この特集も最終回となりました。若手SEの皆さんとは切っても切れないITという言葉に着目して、皆さんに最後のエールを送りたいと思います。

 IT(インフォメーションテクノロジー)のうち、「インフォメーション」という英単語を初めて「情報」と訳したのは森鴎外と言われています。それ以前にも日本軍が「情報」と訳したという記録もあるようです。

 いずれにしても、この「情報」という単語が生まれたのは明治時代です。情報化が進んだ今にして思えば、インフォメーションの訳語としてはなかなか適格だと思いませんか?

 情報という言葉は「情」+「報」の二文字から成り立っていますよね。後ろの「報」とは事実を正しく伝えることです。データなども報の一部です。

 一方の「情」とは事実に対する解釈や意味、そしてその事実に対する感情という意味があります。ネットワークやコミュニケーションツールが発達した現在ですが、「報」はうまく伝えられるけれど「情」がなかなか伝わらず、もどかしさを感じるケースも多いのではないでしょうか?
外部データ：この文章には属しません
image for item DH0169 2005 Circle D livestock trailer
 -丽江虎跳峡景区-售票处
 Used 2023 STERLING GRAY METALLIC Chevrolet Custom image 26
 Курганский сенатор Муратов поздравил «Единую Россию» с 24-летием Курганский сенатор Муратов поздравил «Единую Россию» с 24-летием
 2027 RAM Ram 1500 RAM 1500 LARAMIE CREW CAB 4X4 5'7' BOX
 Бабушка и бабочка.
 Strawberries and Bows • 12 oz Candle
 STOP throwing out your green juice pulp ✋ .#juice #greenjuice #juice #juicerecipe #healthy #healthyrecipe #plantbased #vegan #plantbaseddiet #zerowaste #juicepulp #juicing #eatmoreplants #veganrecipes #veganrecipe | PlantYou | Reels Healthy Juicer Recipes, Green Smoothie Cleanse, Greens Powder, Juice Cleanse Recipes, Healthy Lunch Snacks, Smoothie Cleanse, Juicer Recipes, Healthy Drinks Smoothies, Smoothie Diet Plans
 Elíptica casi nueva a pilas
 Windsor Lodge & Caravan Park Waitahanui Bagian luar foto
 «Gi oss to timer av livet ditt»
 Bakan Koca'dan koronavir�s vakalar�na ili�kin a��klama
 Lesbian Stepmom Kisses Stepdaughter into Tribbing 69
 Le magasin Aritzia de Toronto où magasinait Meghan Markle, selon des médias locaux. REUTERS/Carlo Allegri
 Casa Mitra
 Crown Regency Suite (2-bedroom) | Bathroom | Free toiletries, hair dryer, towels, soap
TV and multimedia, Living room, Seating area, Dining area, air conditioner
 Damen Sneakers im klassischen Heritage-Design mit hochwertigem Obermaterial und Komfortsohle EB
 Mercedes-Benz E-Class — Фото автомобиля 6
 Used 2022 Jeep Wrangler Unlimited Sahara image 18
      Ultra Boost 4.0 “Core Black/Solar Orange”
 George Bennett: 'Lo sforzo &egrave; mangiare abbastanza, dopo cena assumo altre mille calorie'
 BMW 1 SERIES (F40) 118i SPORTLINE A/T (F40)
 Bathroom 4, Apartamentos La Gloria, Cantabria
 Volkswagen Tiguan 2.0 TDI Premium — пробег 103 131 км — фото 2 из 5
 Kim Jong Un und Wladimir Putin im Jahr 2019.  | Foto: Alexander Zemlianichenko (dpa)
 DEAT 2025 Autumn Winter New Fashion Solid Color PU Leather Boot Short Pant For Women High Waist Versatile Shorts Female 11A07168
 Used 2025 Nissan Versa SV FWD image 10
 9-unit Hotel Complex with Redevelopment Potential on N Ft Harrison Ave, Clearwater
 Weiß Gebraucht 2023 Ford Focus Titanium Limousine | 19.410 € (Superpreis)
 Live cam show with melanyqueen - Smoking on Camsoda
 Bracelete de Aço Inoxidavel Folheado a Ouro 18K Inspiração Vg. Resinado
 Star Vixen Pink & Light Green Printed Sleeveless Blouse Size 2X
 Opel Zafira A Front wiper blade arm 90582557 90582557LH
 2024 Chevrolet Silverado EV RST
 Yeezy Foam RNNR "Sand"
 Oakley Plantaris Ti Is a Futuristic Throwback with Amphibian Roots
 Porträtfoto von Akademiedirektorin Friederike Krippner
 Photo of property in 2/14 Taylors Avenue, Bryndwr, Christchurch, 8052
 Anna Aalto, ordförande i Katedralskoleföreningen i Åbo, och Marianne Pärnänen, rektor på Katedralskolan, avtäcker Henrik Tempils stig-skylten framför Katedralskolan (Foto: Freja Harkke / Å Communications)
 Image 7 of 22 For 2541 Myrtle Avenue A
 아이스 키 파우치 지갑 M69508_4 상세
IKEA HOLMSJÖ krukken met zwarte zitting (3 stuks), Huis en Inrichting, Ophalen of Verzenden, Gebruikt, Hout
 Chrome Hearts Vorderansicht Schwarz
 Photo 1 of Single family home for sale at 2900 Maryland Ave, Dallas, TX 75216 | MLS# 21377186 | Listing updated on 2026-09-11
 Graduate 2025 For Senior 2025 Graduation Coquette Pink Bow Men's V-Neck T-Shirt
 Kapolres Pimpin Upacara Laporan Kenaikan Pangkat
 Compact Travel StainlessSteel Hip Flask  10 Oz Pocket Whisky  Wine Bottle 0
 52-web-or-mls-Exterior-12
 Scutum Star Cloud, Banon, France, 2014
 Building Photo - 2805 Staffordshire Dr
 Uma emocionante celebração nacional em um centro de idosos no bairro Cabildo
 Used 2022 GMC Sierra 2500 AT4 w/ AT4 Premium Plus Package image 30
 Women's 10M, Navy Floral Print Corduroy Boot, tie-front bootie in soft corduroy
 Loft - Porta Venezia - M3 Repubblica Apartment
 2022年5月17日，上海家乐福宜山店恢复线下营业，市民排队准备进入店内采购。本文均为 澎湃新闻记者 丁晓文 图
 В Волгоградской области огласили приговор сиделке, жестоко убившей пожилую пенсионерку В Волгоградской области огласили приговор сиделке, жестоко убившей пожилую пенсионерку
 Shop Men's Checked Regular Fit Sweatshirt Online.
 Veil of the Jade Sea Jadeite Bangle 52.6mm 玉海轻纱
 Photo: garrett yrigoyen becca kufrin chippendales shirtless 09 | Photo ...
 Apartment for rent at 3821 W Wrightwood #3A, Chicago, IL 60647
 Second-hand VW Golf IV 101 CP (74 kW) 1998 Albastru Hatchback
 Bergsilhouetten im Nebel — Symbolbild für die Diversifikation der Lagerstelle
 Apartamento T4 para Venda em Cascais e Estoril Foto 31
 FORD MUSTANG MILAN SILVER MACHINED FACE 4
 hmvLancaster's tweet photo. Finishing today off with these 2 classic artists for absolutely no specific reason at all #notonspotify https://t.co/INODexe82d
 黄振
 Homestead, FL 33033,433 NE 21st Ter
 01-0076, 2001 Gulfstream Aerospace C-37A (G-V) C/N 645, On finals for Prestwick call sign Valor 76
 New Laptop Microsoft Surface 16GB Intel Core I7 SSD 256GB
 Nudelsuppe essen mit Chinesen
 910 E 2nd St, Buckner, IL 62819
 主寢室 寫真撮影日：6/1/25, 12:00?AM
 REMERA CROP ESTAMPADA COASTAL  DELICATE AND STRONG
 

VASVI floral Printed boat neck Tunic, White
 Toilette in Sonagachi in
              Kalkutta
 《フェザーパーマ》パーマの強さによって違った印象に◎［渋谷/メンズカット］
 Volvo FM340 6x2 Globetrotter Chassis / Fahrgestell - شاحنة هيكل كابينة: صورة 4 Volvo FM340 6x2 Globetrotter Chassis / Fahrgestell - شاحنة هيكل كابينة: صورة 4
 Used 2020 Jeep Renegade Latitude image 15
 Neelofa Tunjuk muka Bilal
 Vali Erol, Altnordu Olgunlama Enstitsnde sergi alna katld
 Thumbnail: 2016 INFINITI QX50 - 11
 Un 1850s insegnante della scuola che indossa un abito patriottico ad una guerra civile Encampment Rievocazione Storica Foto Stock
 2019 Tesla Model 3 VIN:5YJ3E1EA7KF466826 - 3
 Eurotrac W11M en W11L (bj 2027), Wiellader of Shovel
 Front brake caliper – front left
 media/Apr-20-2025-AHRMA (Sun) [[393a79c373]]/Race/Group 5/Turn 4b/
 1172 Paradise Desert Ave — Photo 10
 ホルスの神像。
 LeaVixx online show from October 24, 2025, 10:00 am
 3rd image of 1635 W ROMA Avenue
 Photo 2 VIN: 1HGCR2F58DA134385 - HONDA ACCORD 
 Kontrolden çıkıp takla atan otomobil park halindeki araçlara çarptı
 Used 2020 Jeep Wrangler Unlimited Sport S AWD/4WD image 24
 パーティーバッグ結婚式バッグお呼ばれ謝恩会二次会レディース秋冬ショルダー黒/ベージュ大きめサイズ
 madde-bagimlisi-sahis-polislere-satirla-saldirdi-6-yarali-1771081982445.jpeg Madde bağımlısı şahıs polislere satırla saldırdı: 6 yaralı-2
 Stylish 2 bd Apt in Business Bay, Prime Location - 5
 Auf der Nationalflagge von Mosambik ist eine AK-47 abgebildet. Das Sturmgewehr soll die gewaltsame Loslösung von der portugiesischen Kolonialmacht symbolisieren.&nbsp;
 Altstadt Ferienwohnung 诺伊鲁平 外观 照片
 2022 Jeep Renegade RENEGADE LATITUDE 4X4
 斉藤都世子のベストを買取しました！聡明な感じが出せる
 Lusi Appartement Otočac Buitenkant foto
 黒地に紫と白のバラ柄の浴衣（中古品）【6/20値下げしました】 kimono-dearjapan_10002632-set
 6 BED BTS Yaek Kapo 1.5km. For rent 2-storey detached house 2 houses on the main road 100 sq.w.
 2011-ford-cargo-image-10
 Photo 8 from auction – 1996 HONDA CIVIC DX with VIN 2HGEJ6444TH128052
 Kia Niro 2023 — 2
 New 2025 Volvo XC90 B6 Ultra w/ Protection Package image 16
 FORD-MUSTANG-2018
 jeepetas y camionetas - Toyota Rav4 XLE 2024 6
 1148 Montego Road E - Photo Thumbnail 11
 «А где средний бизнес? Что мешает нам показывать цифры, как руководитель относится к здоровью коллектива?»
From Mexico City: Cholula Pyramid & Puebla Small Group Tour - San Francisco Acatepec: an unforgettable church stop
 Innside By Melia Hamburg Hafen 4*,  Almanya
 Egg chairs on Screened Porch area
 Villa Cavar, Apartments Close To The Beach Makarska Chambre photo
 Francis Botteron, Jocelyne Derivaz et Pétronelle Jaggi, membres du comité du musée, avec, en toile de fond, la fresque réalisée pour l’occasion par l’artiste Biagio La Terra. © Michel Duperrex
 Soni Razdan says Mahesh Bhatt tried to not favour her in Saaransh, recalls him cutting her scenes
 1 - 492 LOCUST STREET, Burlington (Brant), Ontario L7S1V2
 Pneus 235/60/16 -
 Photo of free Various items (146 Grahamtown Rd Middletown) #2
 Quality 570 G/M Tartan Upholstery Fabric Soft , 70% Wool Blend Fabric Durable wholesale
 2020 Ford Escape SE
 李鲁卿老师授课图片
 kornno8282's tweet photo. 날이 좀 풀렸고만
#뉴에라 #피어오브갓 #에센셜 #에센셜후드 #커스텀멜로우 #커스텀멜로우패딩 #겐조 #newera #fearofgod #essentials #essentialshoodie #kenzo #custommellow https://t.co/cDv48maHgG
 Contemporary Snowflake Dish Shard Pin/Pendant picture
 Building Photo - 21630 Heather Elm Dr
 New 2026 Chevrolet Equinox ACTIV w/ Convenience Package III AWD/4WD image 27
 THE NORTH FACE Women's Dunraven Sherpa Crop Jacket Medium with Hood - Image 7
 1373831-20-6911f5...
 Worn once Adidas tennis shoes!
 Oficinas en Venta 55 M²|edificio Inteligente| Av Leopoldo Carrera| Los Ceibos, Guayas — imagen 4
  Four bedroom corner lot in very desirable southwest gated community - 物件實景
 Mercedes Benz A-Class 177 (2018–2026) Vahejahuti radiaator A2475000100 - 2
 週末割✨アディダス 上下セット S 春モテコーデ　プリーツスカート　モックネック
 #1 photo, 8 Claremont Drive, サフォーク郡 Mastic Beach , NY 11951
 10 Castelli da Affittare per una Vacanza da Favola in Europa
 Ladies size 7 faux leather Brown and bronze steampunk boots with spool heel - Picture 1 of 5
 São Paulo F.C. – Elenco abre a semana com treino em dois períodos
 例えば、ある集会が開かれたとします。「参加者は2000人だった」というのは「報」であり、集会の規模の事実が正しく分かります。

 ただ、これだけでは集会の様子を十分に伝えられていませんよね。「2000人が参加してすごい熱気だった!」となると、集会の様子がぐっと見えてきて、どんな集会なんだろうと関心も生まれてきます。これが「情」です。

 私たちがコンピュータやデータだけを取り扱って仕事をしていると、「報」だけに向き合ってしまいがちです。もっと人間を相手にするようにして仕事をすれば「情」の部分も伝わるようになり、本当の意味の「情報」システムが実現できます。40年間、情シスSEと社内システムに向き合ってきて、心からそう思います。

 繰り返しますが、我々SEやITに携わる技術者は、サーバーやネットワークなど機械とは否応なく接するので、得てして機械を相手に仕事をしているかのように錯覚します。でもそれでは“半分”なのです。

 若い皆さんはもっと意識的に人間を向いて仕事をし、「情」を大切にするよう心がけてください。人間同士が直接話をすることが情シスSEにとって何より大切です。

 現場に足を運び、現場で仕事をしている先輩たちと恥ずかしがらずに何でも聞いて下さい。自分の疑問や意見をぶつけ、先輩たちからあきれられたり怒られたりしながらも、それでも対話を続ければ、理解し合えるようになります。情が通じ合ってからが本当の仕事です。

 若手の皆さんが明日も生き生きと仕事に向き合えるよう、情シスSEの一先輩として、応援しています。またどこかでお会いしましょう。